---- EXERCISE MATERIALS
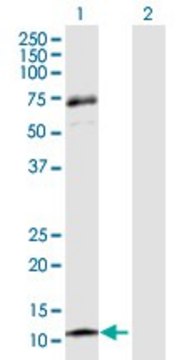 Anti-CCL13 antibody produced in rabbit purified immunoglobulin, buffered aqueous solution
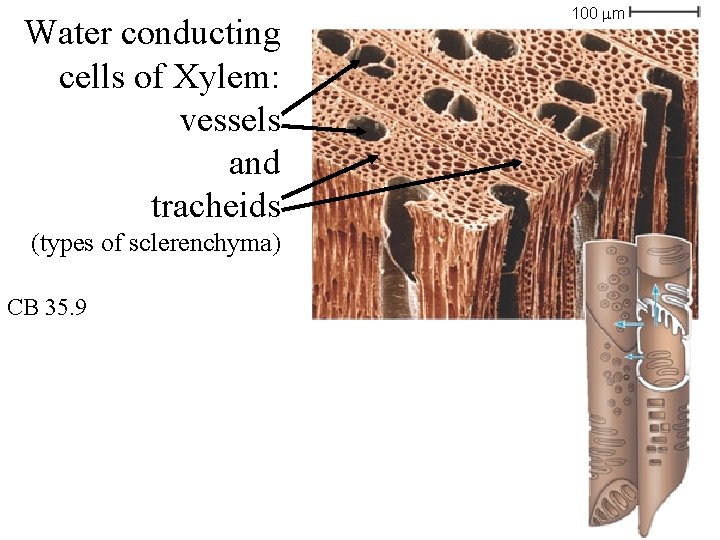 Water conducting cells of Xylem: vessels and tracheids (types of sclerenchyma) CB 35. 9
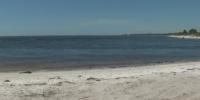 MEDICAL MONDAY: Doctors urge awareness of flesh-eating bacteria as Gulf water temperatures remain warm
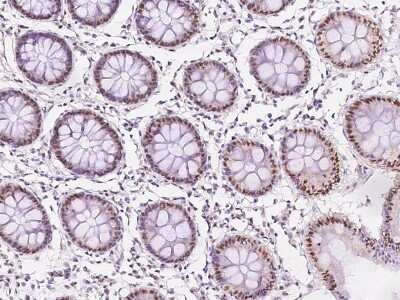 Immunohistochemistry-Paraffin: Mxi1 Antibody [NBP2-97478] - Immunochemical staining of human Mxi1 in human colon with rabbit polyclonal antibody at 1:100 dilution, formalin-fixed paraffin embedded sections.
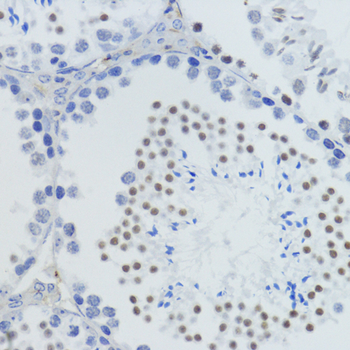 MonoMethyl-Histone H4-K20 antibody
--------
• **TASK DETAILS**
Return every record above exactly as written, but drop the pictures.

• **OUTPUT BELOW**
 Anti-CCL13 antibody produced in rabbit purified immunoglobulin, buffered aqueous solution
 Water conducting cells of Xylem: vessels and tracheids (types of sclerenchyma) CB 35. 9
 MEDICAL MONDAY: Doctors urge awareness of flesh-eating bacteria as Gulf water temperatures remain warm
 Immunohistochemistry-Paraffin: Mxi1 Antibody [NBP2-97478] - Immunochemical staining of human Mxi1 in human colon with rabbit polyclonal antibody at 1:100 dilution, formalin-fixed paraffin embedded sections.
 MonoMethyl-Histone H4-K20 antibody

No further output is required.